A partir daí, a diretora saudita Haifaa Al-Mansour (do excepcional O Sonho de Wadjda) e os roteiristas Adam Brooks (Mozart in the Jungle) e Cee Marcellus criam uma trama extremamente morna. É um drama muito pessoal, sempre ao redor da personagem de Sanaa Lathan (Alien vs Predador), e que não consegue se aprofundar na maioria dos aspectos de sua trama, como insatisfação no trabalho, romances sem amor e problema de relacionamento familiar e que parecem fugir de suas mãos e de controle.

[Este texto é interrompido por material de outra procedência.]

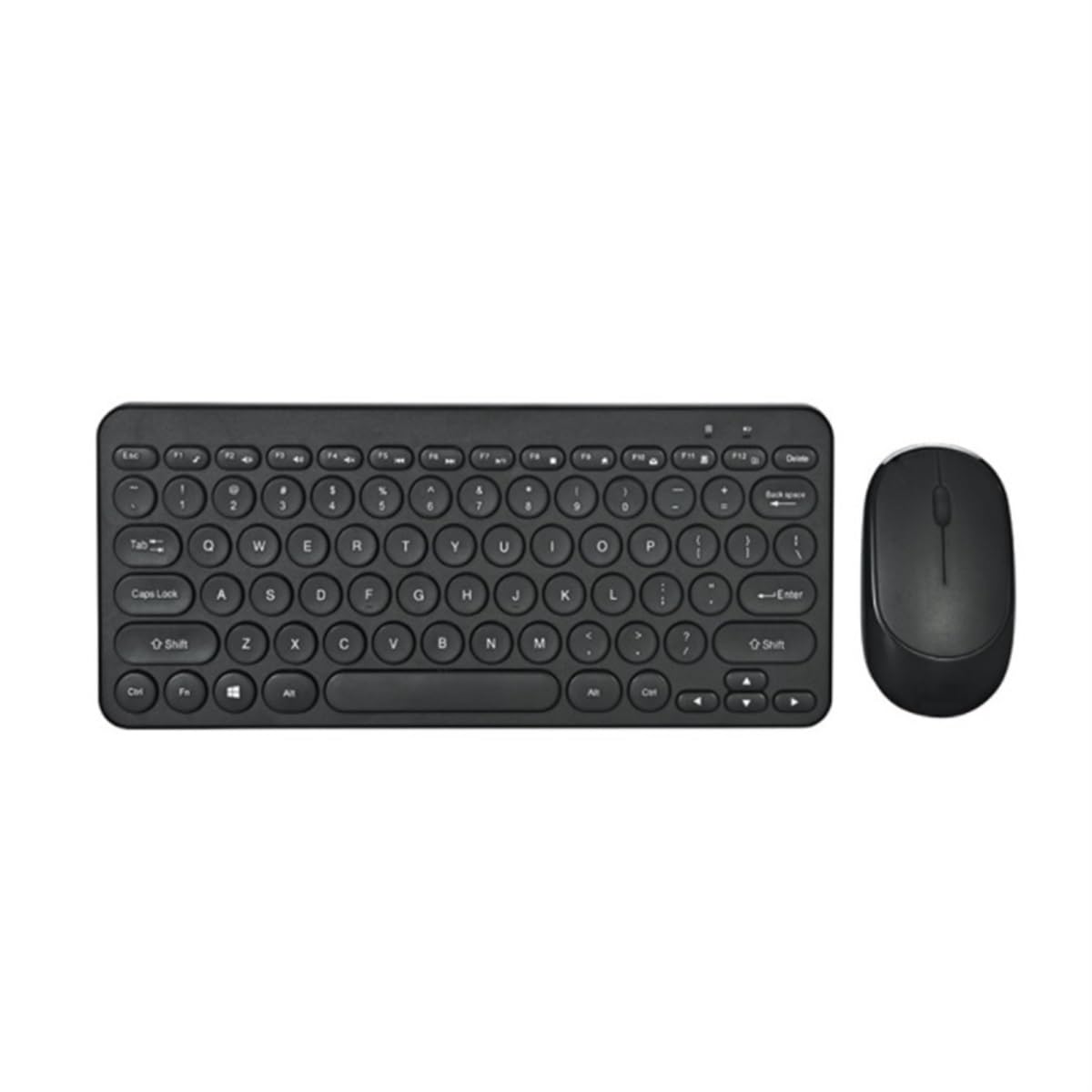 Tastiera E Mouse Pulsanti Muti Rotondi Retrò Combinati Tastiera E Mouse For Ufficio Aziendale Set(Black)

Tudo se sucede de maneira pouco agradável e sem grandes momentos em tela. Não há conflitos na maioria desses aspectos e, por isso, a trama parece apenas transitar em uma superfície de ideias. Há uma subtrama envolvendo Violet e a garotinha Zoe (Daria Johns) que é totalmente jogada e serve apenas como um fraco ponto de partida para a transformação da protagonista. Fica um pouco solto e, até mesmo, um pouco irritante.
O elenco também não consegue entregar grandes atuações, com exceção de Lathan. Ricky Whittle (American Gods) apresenta uma interpretação extremamente apática, sem vida. Daria Johns (do vindouro Animator) até se esforça, mas a personagem não ajuda. Os atores que interpretam os pais de Violet (Lynn Whitfield e Ernie Hudson) também são prejudicados pelo roteiro, mas se esforçam para dar um pouco mais de vida para a trama, para os acontecimentos e, até mesmo, para o humor involuntário.
Mas, ao contrário do que parece, o filme não é um desastre completo por conta de um ponto: a originalidade e a sagacidade do acontecimento que permeia toda a trama de Felicidade por um Fio. A transformação da personagem é, justamente, a perda do cabelo e os questionamentos que circundam sua beleza. Ela é negra, tem um belíssimo cabelo cacheado, mas nasceu e cresceu sendo ensinada -- pela mãe e pela sociedade -- de que aquele tipo de penteado não era bonito. A ordem, para ela, era o liso e "moderno".
Ainda que esse questionamento da protagonista pelo estilo de seus fios não consiga causar acontecimentos e uma trama interessante e aprofundada, a mensagem e essa forte motivação de "viva o que você é" dá peso ao longa-metragem da Netflix. Assim como em O Sonho de Wadjda, no qual a protagonista repensa toda sua vida a partir do desejo de andar de bicicleta numa sociedade machista, em Felicidade por um Fio toda a vida é repensada a partir desse desejo estético, mas coibido ao longo dos anos. É muito bom de ser ver isso.
Felicidade por um Fio é um filme extremamente abaixo de outros da diretora Haifaa Al-Mansour, já que não consegue se aprofundar, de fato, na história e na transformação de sua protagonista, deixando tudo muito superficial e sem grandes momentos. No entanto, ganha alguns pontos com sua mensagem e seu ponto de partida, original e diferenciada com relação ao que é produzido por aí. É um filme pra cima, original, e que pode agradar, ainda que não tenha uma grande história ou aprofundamento. Exemplo perfeito de feel good movie.